Data Compression

Just recently Michael De Voe from the MS Dynamics NAV team has published a great article about the DATA COMPRESSION – a feature introduced with SQL Server 2008 (Enterprise feature).

I highly recommend to read this article first (Thanks a lot, Michael!):
http://blogs.msdn.com/b/nav/archive/2011/02/11/microsoft-dynamics-nav-and-sql-server-database-compression.aspx

There are also several discussions about this feature on http://dynamicsusers.net and http://www.mibuso.com

But I'd like to follow up and add my thoughts and experiences herewith.

With DATA COMPRESSIONPAGE or ROW – the data is physically compressed on the data/index Pages; and the compression rates are amazing: at average you could experience compressions of about 80%! For example, this could mean that a table of 10GB is compressed down to just 2GB!
Thus, this could save a tremendous amount of disk-space!
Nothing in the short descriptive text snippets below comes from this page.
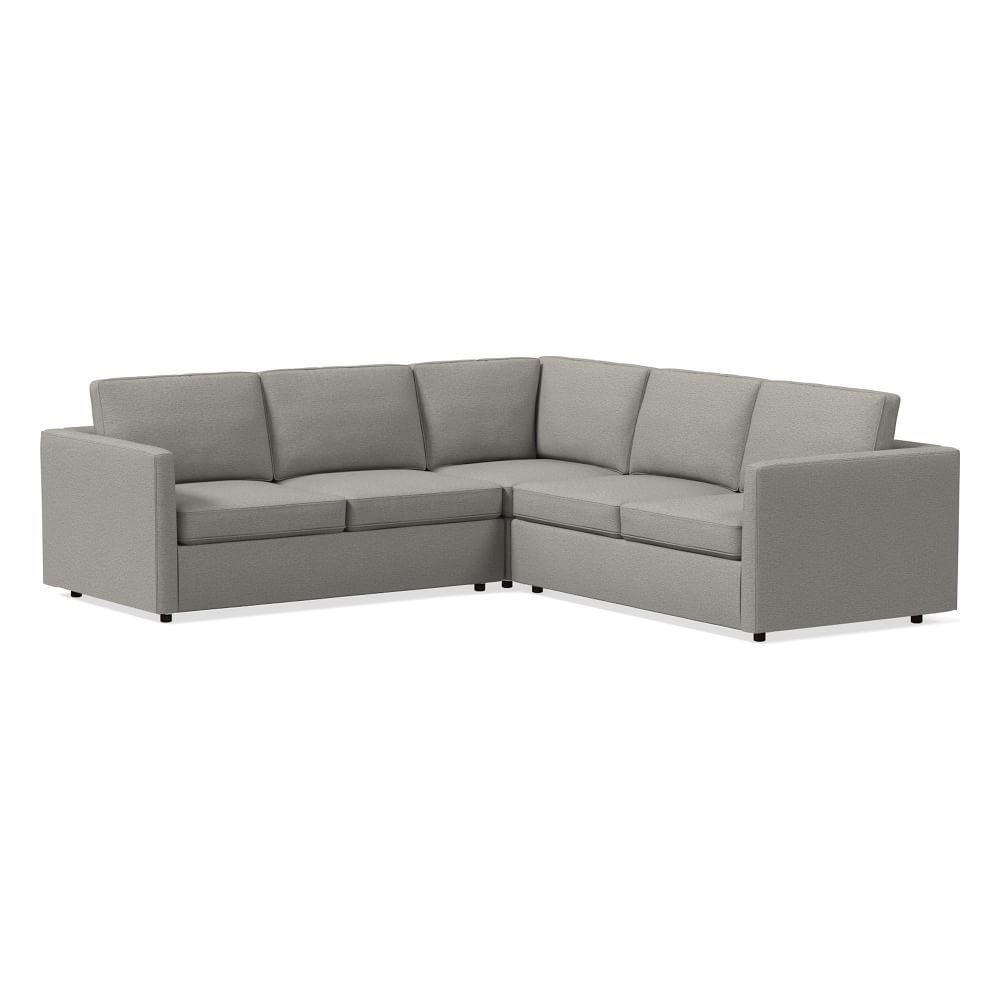 Harris 105" Multi Seat 3-Piece L-Shaped Sectional, Standard Depth, Twill, Silver - Image 0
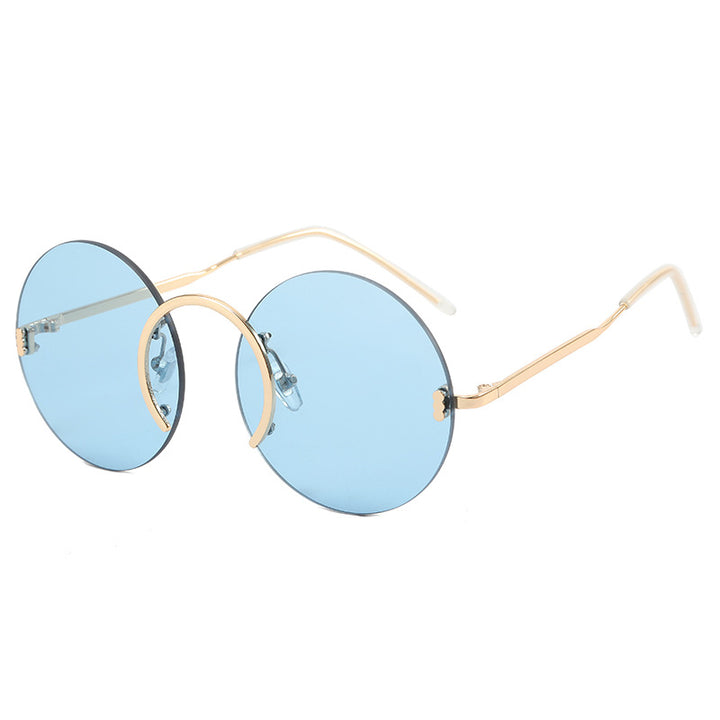 Damen modische runde Sonnenbrille mit innovativem Metallrahmen Karnz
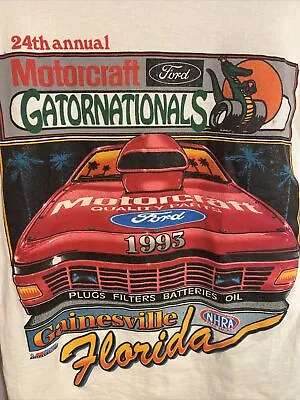 Vintage 1993 Gator Nationals Gainsville FL NHRA Motorcraft  T Shirt Size Small • $24.99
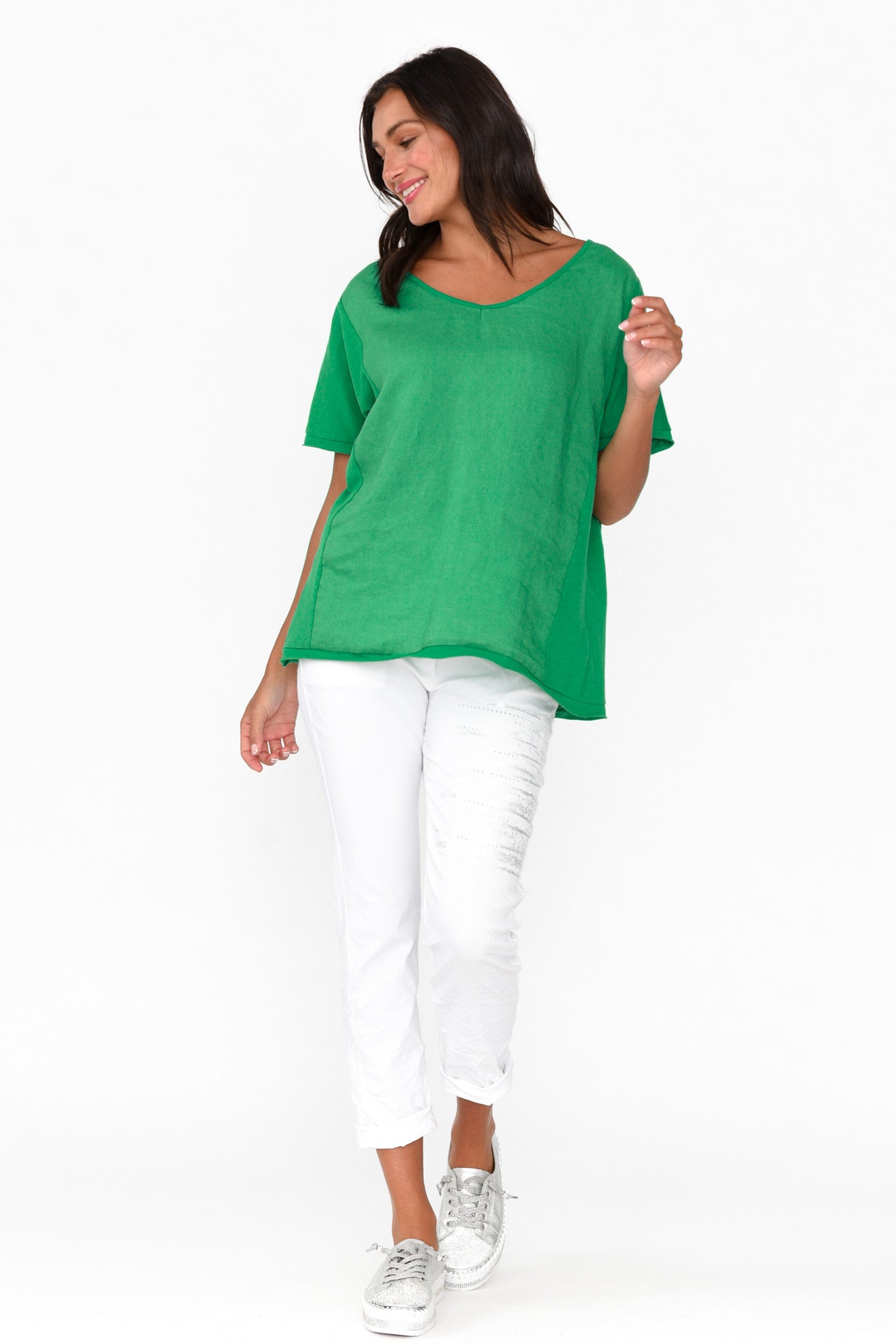 Ishana Green Linen Cotton Top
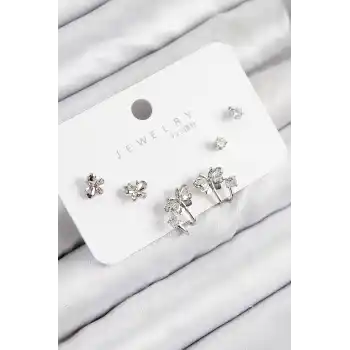 Pirinç Zirkon Taşlı Kelebek Model Gümüş Renk 925 Ayar Gümüş Çivi Kadın Küpe Set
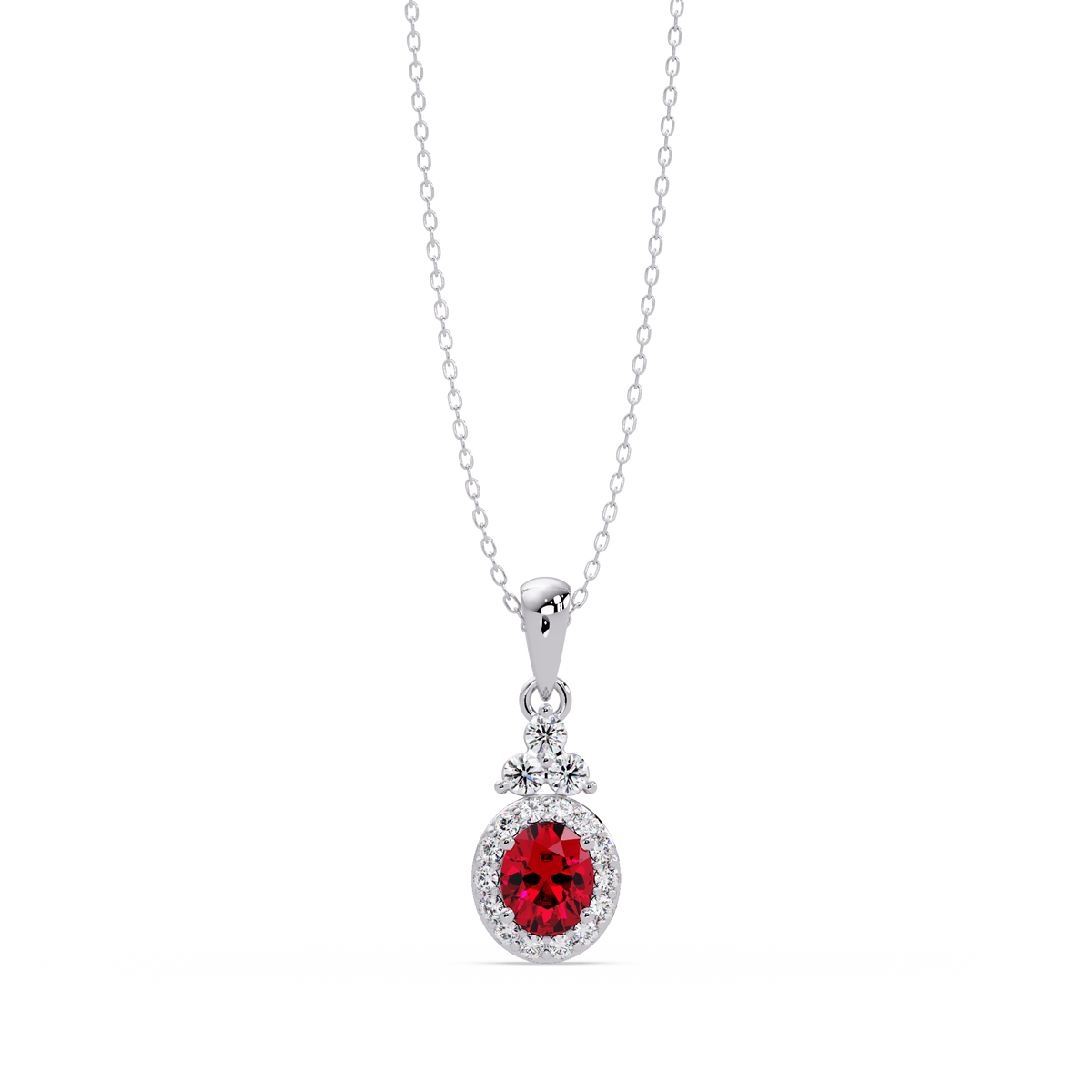0.7 CTW Oval Halo Cluster Colorstone Pendant Necklace — Ruby Deep Red — 14K White Gold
But the data is also stored in RAM in a compressed state, thus the available cache memory is used more optimized. Only if the data is queried by a client, then the data gets uncompressed – and this is causing additional load on the CPU, and that's the only potential downside of this compressions.
If a SQL Server is properly sized according to minimum requirements and best-practices, then CPU is hardly a problem with NAV – I see quite many systems where the average CPU load is something between 5 and 15 percent. Hence, before implementing any compression, you need to know your CPU time baseline! If you have enough spare CPU capacity then go for the compression.

Even with intensive usage of PAGE (or ROW) compression you may experience an increase of CPU load for about 5 to 15 percent; means if your baseline was at average of 10% before, then it would be up to 20/25% after compression.
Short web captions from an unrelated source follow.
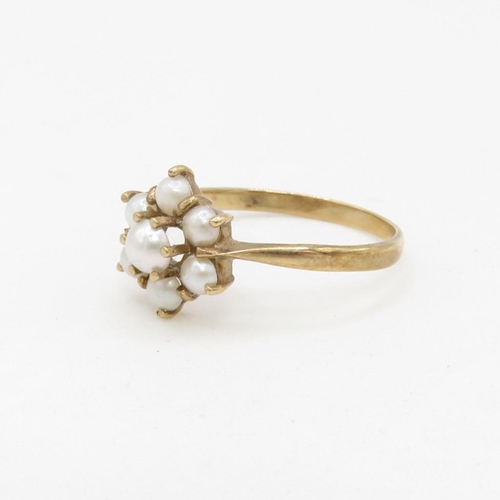 53 - 9ct gold seed pearl cluster ring (1.4g) Size N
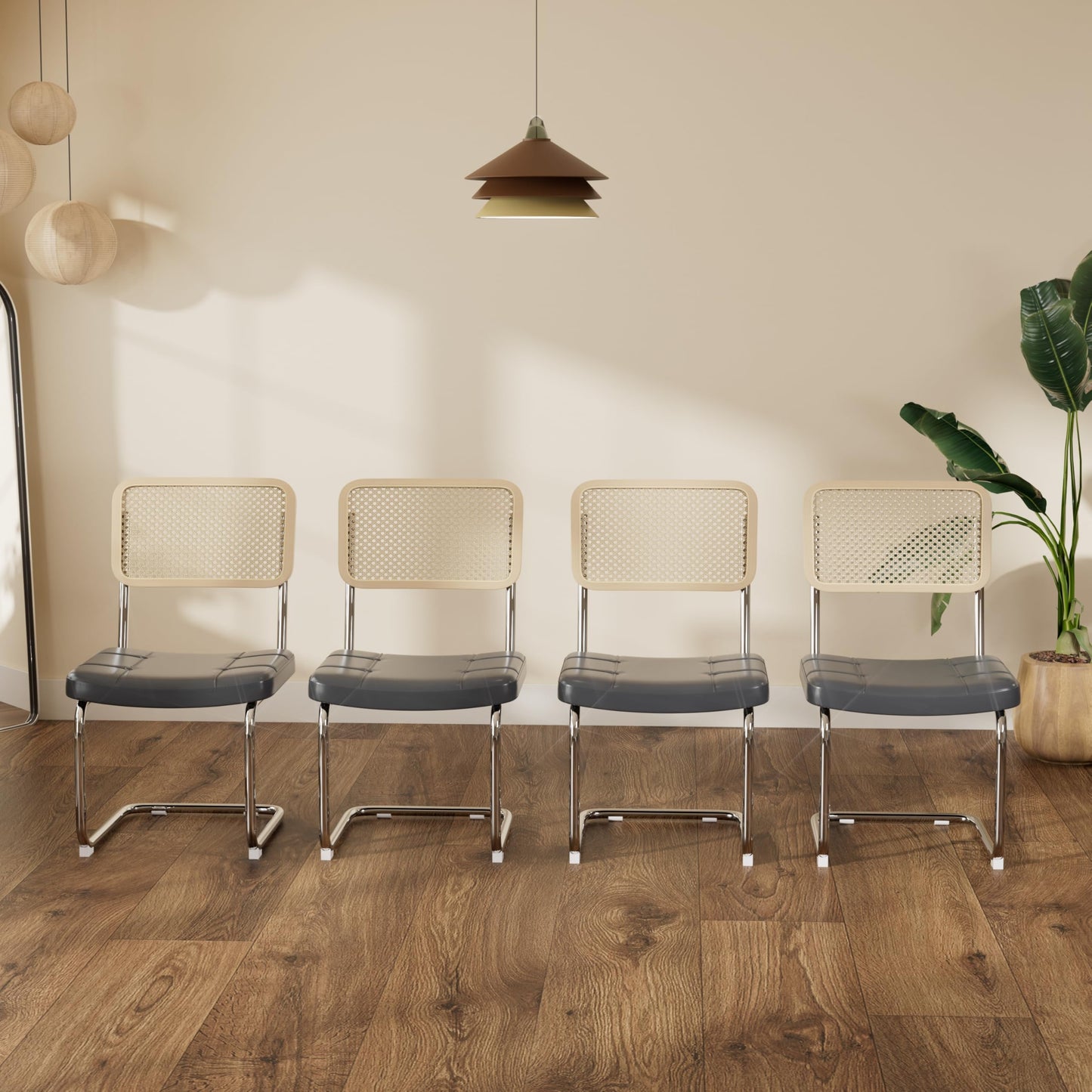 SIZOTA Modern Dining Chairs Set of 4, Upholstered Faux Leather Kitchen Chairs with Rattan Back for Dining Room, Restaurant, Kitchen, Living Room, Cafe, Gray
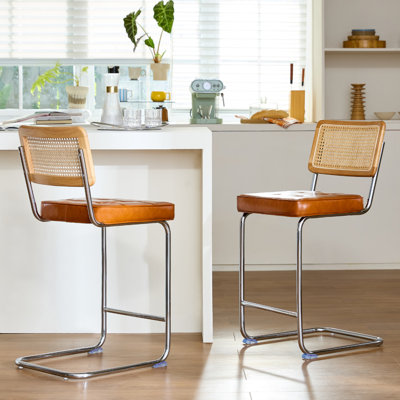 Natural Rattan Bar Stools with Solid Wood Back, 24 Inch Mid Century Modern Counter Height Stools, Brown Faux Leather Upholstery Boho Stool for Kitchen Counter with Chrome Metal Legs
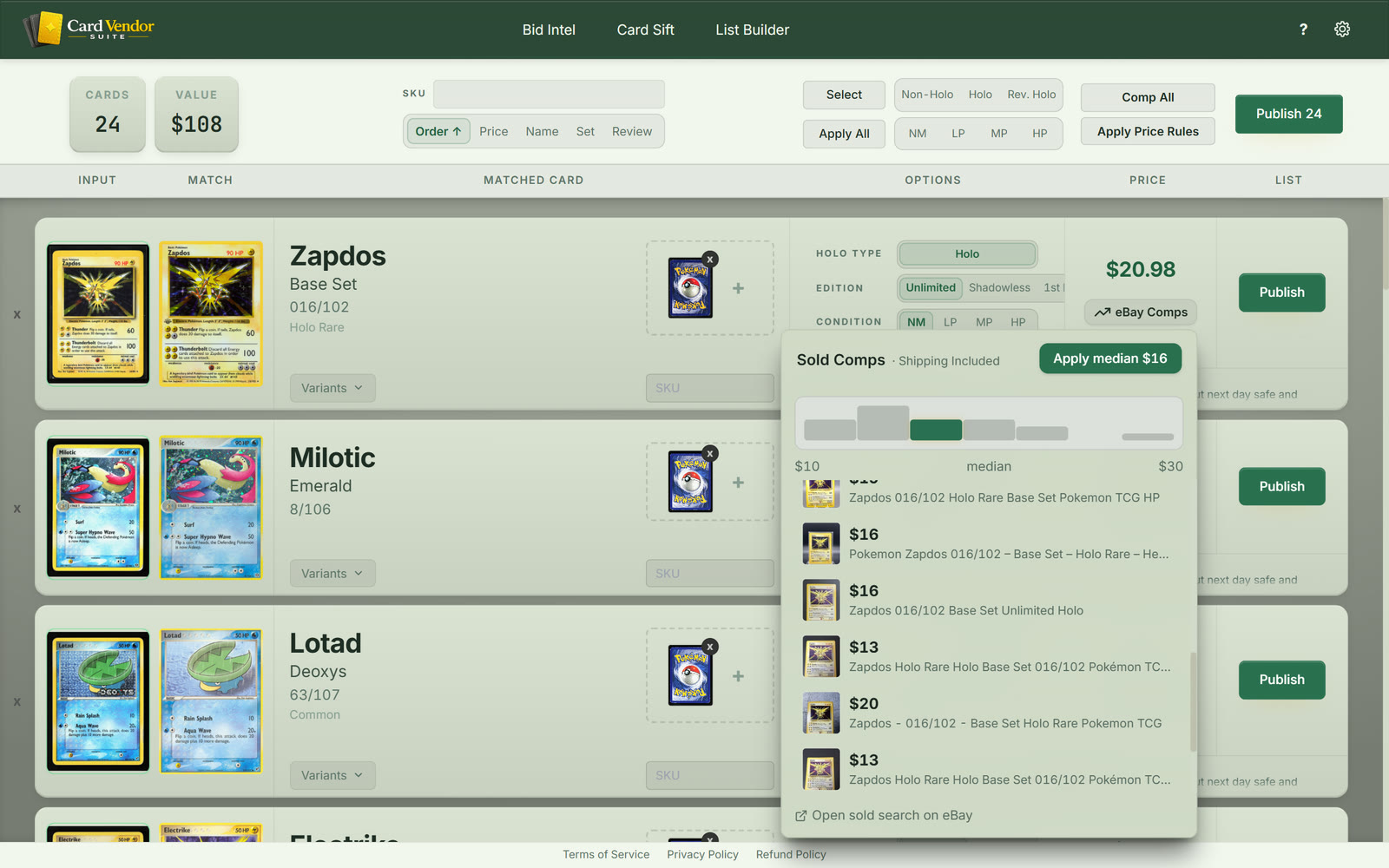 List Builder: listing queue with generated titles, descriptions, and pricing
So whenever you implement any compression it is advisable to do it step by step, always having an eye on the CPU load!

Besides saving precious disk-space the compression could also reduce I/O issues: if data is compressed, e.g. for -80%, then more information could be stored on the Pages; e.g. if 20% of the original space is used, then 5 times more information could be placed on the same Page (yeah, I know that's not really correct, but just to give an example). Hence, with every I/O more information could be retrieved, thus less I/O is necessary. This affects especially queries where huge amounts of data are queried.

Best practice for compression candidates are tables or indexes which are not heavily modified. Means, once a record has been created it should not be updated much. Michael recommends to only compress such objects with a Read/Write ratio of 80:20 at maximum.
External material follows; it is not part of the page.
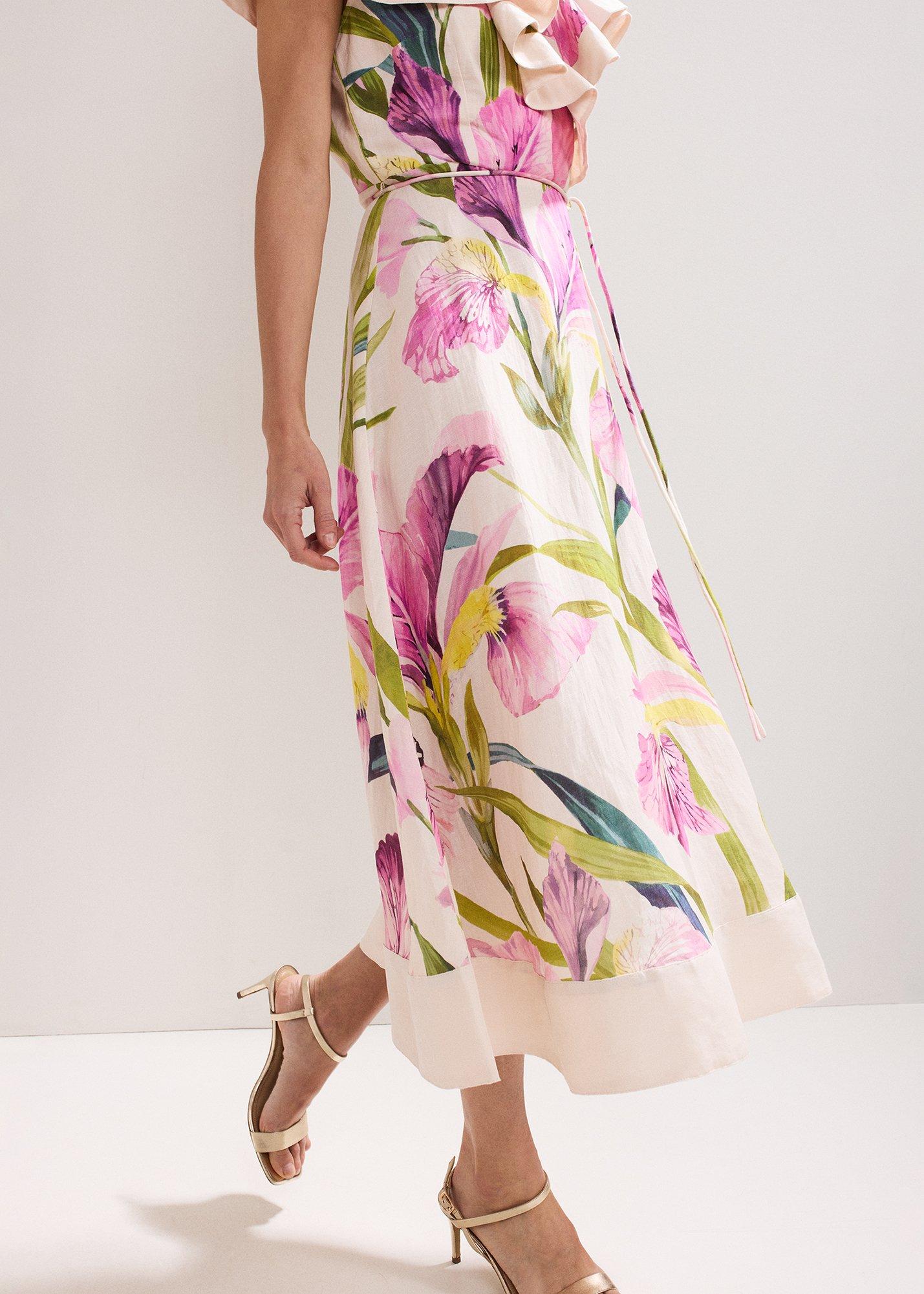 Matilda Floral Linen Ruffle Dress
Classic candidates are all those "data graves" we have in NAV: posted Ledger Entry tables, posted Documents, posted Dimensions etc. – those tables are usually doomed to grow and grow and grow, gazillion of records are added/created which are not changed that much afterwards. (Remark: it is not a problem if once in a while an "Open" flag is changed, or a "Due Date" adjusted etc. – piece of cake)

Never implement compression on "hot" tables where data is permanently inserted, changed and deleted, e.g. active Documents or Dimensions, or Posting Journals.

But it also depends on where the data insertion or change happens: if data is inserted in between existing records, this could be more of a problem than if the records are added to the end of a table. Again: normally all those mentioned "data graves" indeed add records sequentially due to the Entry No. or No. Series assigned – perfect candidates!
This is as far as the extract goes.